Changelog#

[0.9.0] - 2023-11-04#

Added#

  • Writer.write_intermediate_footer method for ORC library 1.9.0 and newer.

  • Python 3.12 wheels.

Changed#

  • Dropped support for Python 3.7.

  • ORC C++ Core updated to 1.9.1.

Fixed#

[0.8.0] - 2022-11-19#

Added#

  • Python 3.11 wheels. (PR #58, contribution of @dbaxa)

Changed#

  • ORC C++ Core updated to 1.7.7.

  • Improved type annotations, set module’s __all__ variable.

[0.7.0] - 2022-07-16#

Added#

  • Universal2 wheels for MacOS. (PR #55, contribution of @dbaxa)

  • ORC-517, ORC-203, and ORC-14 versions to WriterVersion enum.

Changed#

  • Dropped support for Python 3.6.

  • ORC C++ Core updated to 1.7.5.

[0.6.0] - 2022-02-18#

Added#

  • New parameter to Writer: dict_key_size_threshold for setting threshold for dictionary encoding. (PR #46, contribution of @dirtysalt)

  • New parameter to Writer: padding_tolerance for block padding.

  • New parameter to Reader and Writer: null_value for changing representation of ORC null value. The value must be a singleton object.

  • Type stubs for classes implemented in C++.

  • Experimental musllinux and PyPy wheels.

Changed#

  • Writer.writerows method reimplemented in C++.

  • Improved type annotations.

  • ORC C++ Core updated to 1.7.3.

  • Removed build_orc setup.py command, moved the same functionality to build_ext command.

Fixed#

  • Unnecessary string casting of values when writing user metadata. (Issue #45)

[0.5.0] - 2021-10-22#

Added#

  • Module level variables for the ORC library version: orc_version string and orc_version_info namedtuple.

  • New parameter for Writer: row_index_stride.
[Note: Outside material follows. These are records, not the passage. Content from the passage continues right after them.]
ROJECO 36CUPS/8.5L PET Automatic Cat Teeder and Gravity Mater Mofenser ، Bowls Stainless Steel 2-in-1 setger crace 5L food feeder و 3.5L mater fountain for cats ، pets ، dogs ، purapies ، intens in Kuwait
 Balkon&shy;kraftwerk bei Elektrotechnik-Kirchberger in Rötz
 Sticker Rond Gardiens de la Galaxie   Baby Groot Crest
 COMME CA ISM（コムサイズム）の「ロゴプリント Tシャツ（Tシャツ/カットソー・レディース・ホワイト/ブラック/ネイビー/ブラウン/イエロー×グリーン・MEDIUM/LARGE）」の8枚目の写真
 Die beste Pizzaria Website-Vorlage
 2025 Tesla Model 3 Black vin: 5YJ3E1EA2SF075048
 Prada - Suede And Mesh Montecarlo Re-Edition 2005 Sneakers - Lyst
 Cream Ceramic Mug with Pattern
  • New read-only properties for Reader: row_index_stride and software_version.

  • Trino and Scritchley writer ids.

  • Type annotations support for ORC types.

  • Support for timestamp with local time zone type.

  • New parameter for Reader and Writer: timezone.

  • The backported zoneinfo module dependency pior to Python 3.9.

  • Predicate (SearchArgument) support for filtering row groups during ORC file reads. New classes: Predicate and PredicateColumn.

  • New parameter for Reader: predicate.

  • Build for aarch64 wheels. (PR #43, contribution of @odidev)

Changed#

  • ORC C++ Core updated to 1.7.0, and because many of the new features are not backported to the 1.6 branch, currently this is the minimum required lib version.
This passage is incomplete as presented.